Someone I know used this company for replacement mats in her Golf R and said that the quality was much better than VW-supplied 'luxury mats' - and cost a lot less. The same may well also be true of Audi. You can specify various higher grades of carpet at extra cost, and have logos put on too. Edging is all well stitched and can be a different colour from the mat.

https://www.carmats2u.co.uk/audi-tt-coupe-roadster-mk3-2015-onwards-2398-p.asp


----------



## Alan Sl (Nov 11, 2009)

phazer said:


> Have Audi stopped shipping the TTS with carpet mats? Mine came with fronts.

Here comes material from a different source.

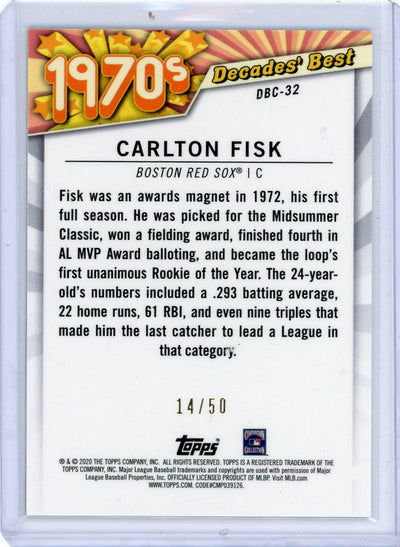 Carlton Fisk 2020 Topps 1970's Decades' Best gold ref. #'d 14/50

They still come with mats. I prefer the premium carpets mats which I would use in the summer,I then use the ones supplied in the winter rather than rubber mats.


----------



## Saturn5 (Dec 10, 2018)

https://audipartsdirect.co.uk - (Cardiff Audi - Parts) showing both premium and rubber Audi mats and both with a discount.
Assume these are to fit MK3 ?


----------



## macaddict111 (Jun 13, 2018)

I must have "non-premium". They literally seem like cardboard, but at least it came with all-weathers.


----------



## Barmybob (Nov 4, 2015)

Premium on ebay too https://www.ebay.co.uk/itm/GENUINE-...816392&hash=item288157999e:g:Mt4AAOSwk49dMDsW


----------



## GDR-TT (Feb 25, 2004)

Hi I have 2 sets of genuine Audi mats for sale
One is the carpet version with the TT logo and grey trim, and the other is the rubber version. Both genuine Audi, brand new and unused. 
Would like to sell of both pairs as no longer own the car.
I'm in Bridge of Weir near Glasgow.


----------



## edgejedi (Apr 26, 2019)

GDR-TT said:


> Hi I have 2 sets of genuine Audi mats for sale
> One is the carpet version with the TT logo and grey trim, and the other is the rubber version. Both genuine Audi, brand new and unused.
> Would like to sell of both pairs as no longer own the car.
> I'm in Bridge of Weir near Glasgow.


PM sent on the mats!


----------



## ChesterUK (Dec 22, 2019)

I'm also after a front set of premium carpet mats with the TTS logo. Really struggling to find any with the TTS logo specifically. The ones that are in the car now are sort of ribbed and not that great it has to be said.


----------



## kevin#34 (Jan 8, 2019)

you can buy genuine rubber mats with TTS logo, the carpet ones only with TT logo (or without)


----------



## ChesterUK (Dec 22, 2019)

Thanks for the info Kevin.


----------



## MarksBlackTT (Nov 29, 2016)

Alan Sl said:


> pashkito said:
> 
> 
> > https://www.amazon.com/Genuine-Audi-Accessories-8J1061520041-Weather/dp/B007VQWALI
> ...


No. Carpet mats for mk2 DO NOT fit mk 3 either standard OR rubber.


----------



## Mark Pred (Feb 1, 2017)

I bought a new set only a few weeks ago (from the Dealer) and plenty of OEM being sold online. Not so sure they've discontinued them :wink:


----------



## jonnieb2018 (Nov 15, 2018)

I bought rubber TTS mats OEM, similar to photo but with TTS logo - really hard wearing and easy to keep clean


----------



## kevin#34 (Jan 8, 2019)

I bought them me too but only for winter time, otherwise I use the carpet ones with TT logo


----------



## Barmybob (Nov 4, 2015)

During the summer when cleaning my car someone, who thought they were helping, took a pressure washer to one of my Genuine RS mats and managed to damage it! They thought the grey black stuff coming off the mat was muck, it was actually the pile :x

I was considering ordering some of these after market mats which seem cheap, are customisable and have good reviews on the Audizine site. I did however manage to track down a nicely discounted set through the local dealer.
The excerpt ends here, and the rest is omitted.